═══ Working data
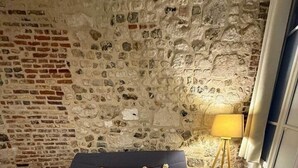 A room with a stone wall, a dark sofa with patterned cushions, a white coffee table, and a floor lamp. - Apartment in the historic center of Honfleur (Honfleur)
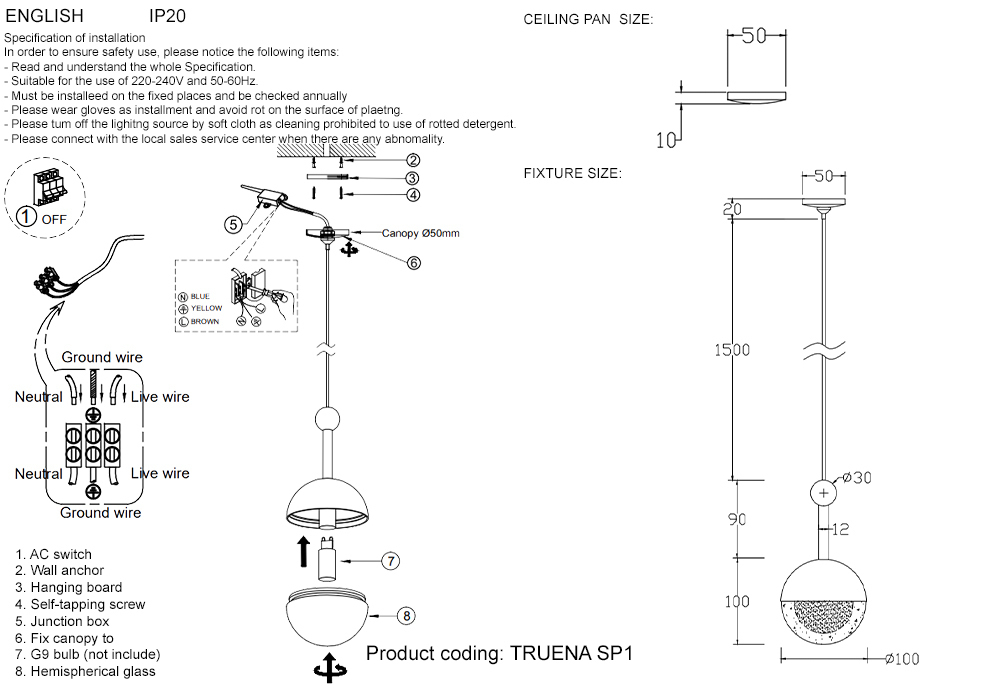 Светильник подвесной Crystal Lux TRUENA SP1 BRONZE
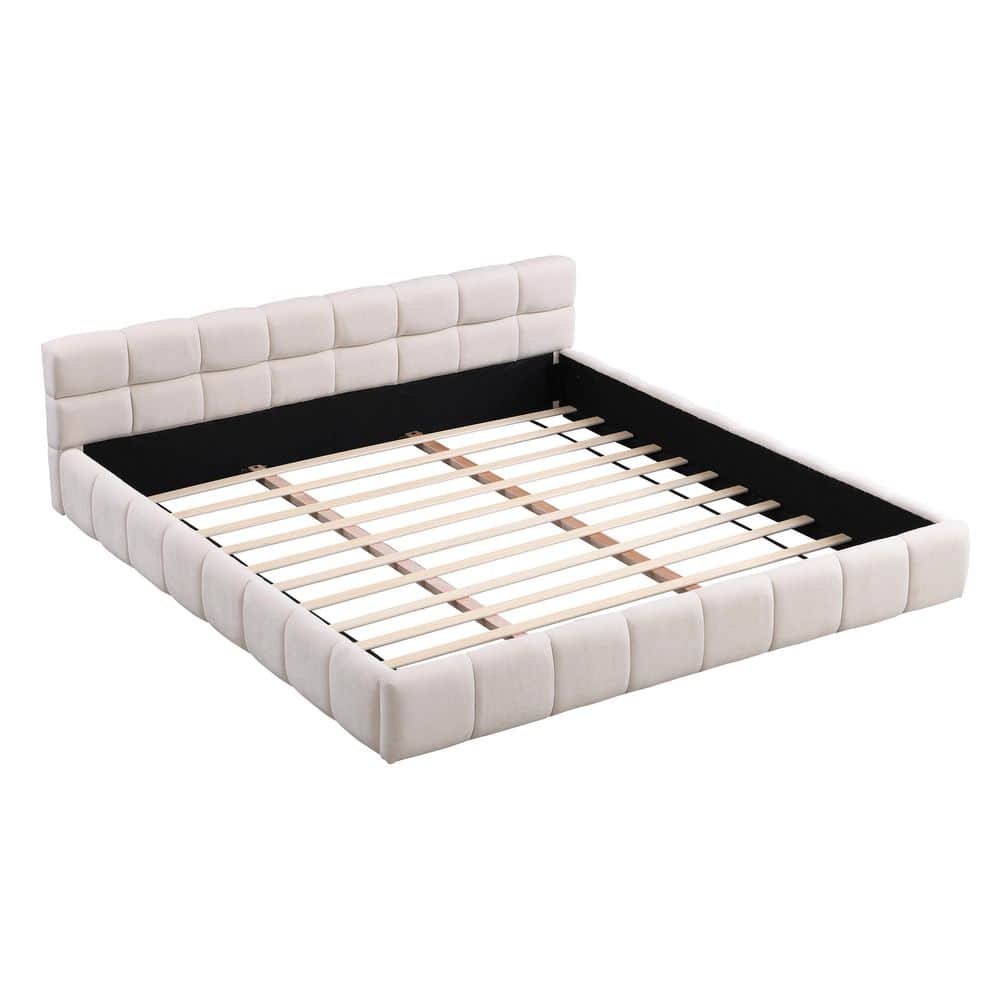 Jackson Beige Chenille Upholstered Wood Frame King Size Platform Bed with Checkerboard Headboard - thumbnail 7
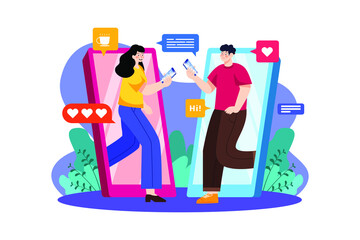 Girl and boy chatting on the app Illustration concept. Flat illustration isolated on white background.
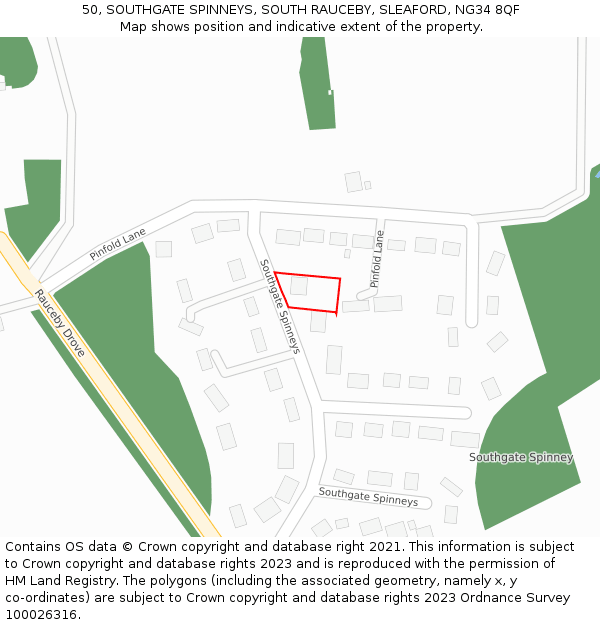 50, SOUTHGATE SPINNEYS, SOUTH RAUCEBY, SLEAFORD, NG34 8QF: Location map and indicative extent of plot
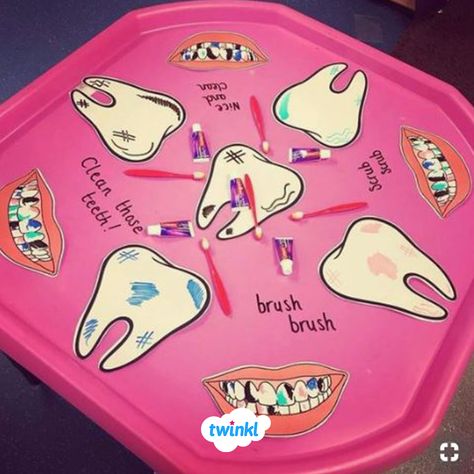 Provactions Preschool, Healthy Eating Tuff Tray Ideas, Psed Eyfs Activities Preschool, Tuff Tray Ideas Kindergarten, All About Me Eyfs, Tuff Tray Ideas, Tuff Tray Ideas Toddlers, Dental Health Preschool, Tuff Trays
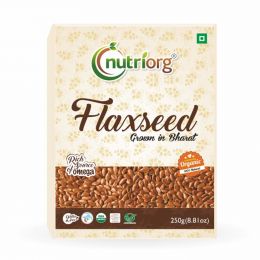 Nutriorg: Certified Organic Flaxseed Raw - 250 gm (Pack of 2)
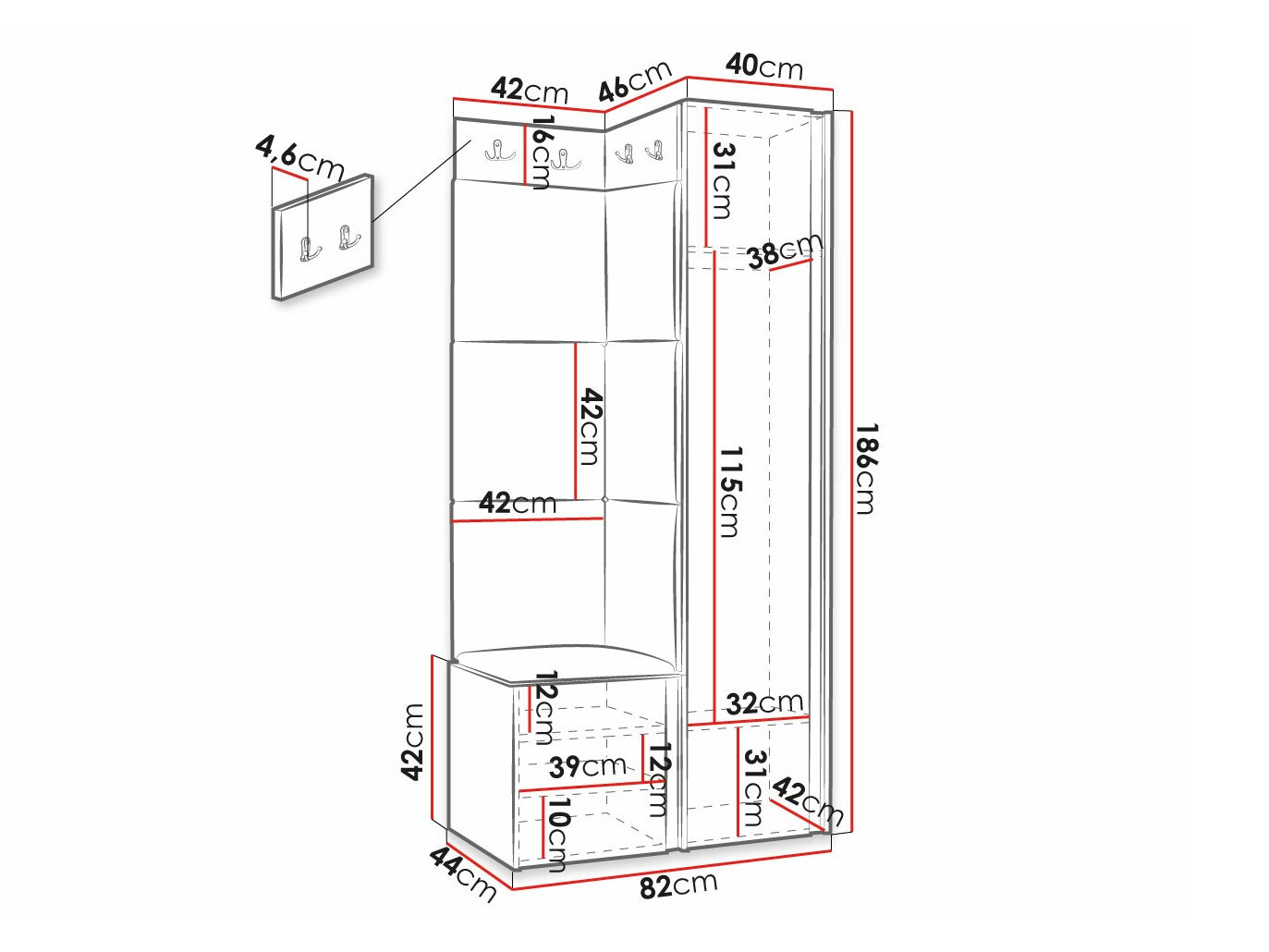 Komplet za predsobo Hartford 381 (Črna)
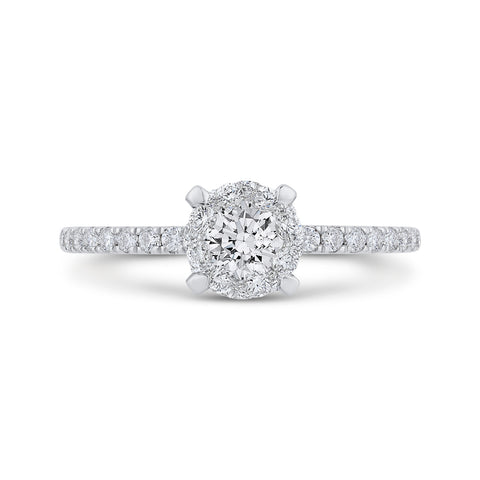 14K White Gold Round Cut Diamond Engagement Ring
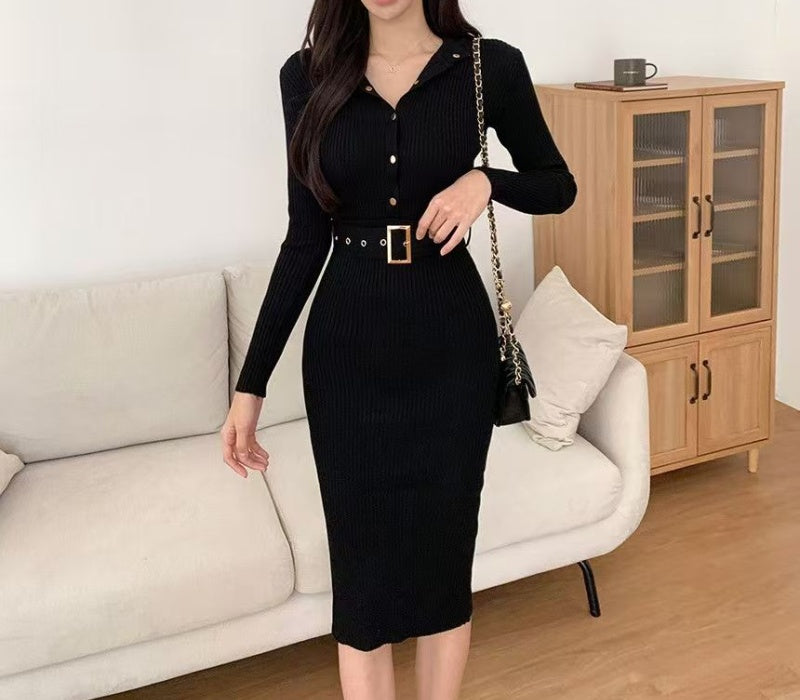 VERV Black Knit Bodycon Midi Dress with belt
══════
Assigned task. Write the records out in full, word for word; leave every picture behind.

Exercise output.
 A room with a stone wall, a dark sofa with patterned cushions, a white coffee table, and a floor lamp. - Apartment in the historic center of Honfleur (Honfleur)
 Светильник подвесной Crystal Lux TRUENA SP1 BRONZE
 Jackson Beige Chenille Upholstered Wood Frame King Size Platform Bed with Checkerboard Headboard - thumbnail 7
 Girl and boy chatting on the app Illustration concept. Flat illustration isolated on white background.
 50, SOUTHGATE SPINNEYS, SOUTH RAUCEBY, SLEAFORD, NG34 8QF: Location map and indicative extent of plot
 Provactions Preschool, Healthy Eating Tuff Tray Ideas, Psed Eyfs Activities Preschool, Tuff Tray Ideas Kindergarten, All About Me Eyfs, Tuff Tray Ideas, Tuff Tray Ideas Toddlers, Dental Health Preschool, Tuff Trays
 Nutriorg: Certified Organic Flaxseed Raw - 250 gm (Pack of 2)
 Komplet za predsobo Hartford 381 (Črna)
 14K White Gold Round Cut Diamond Engagement Ring
 VERV Black Knit Bodycon Midi Dress with belt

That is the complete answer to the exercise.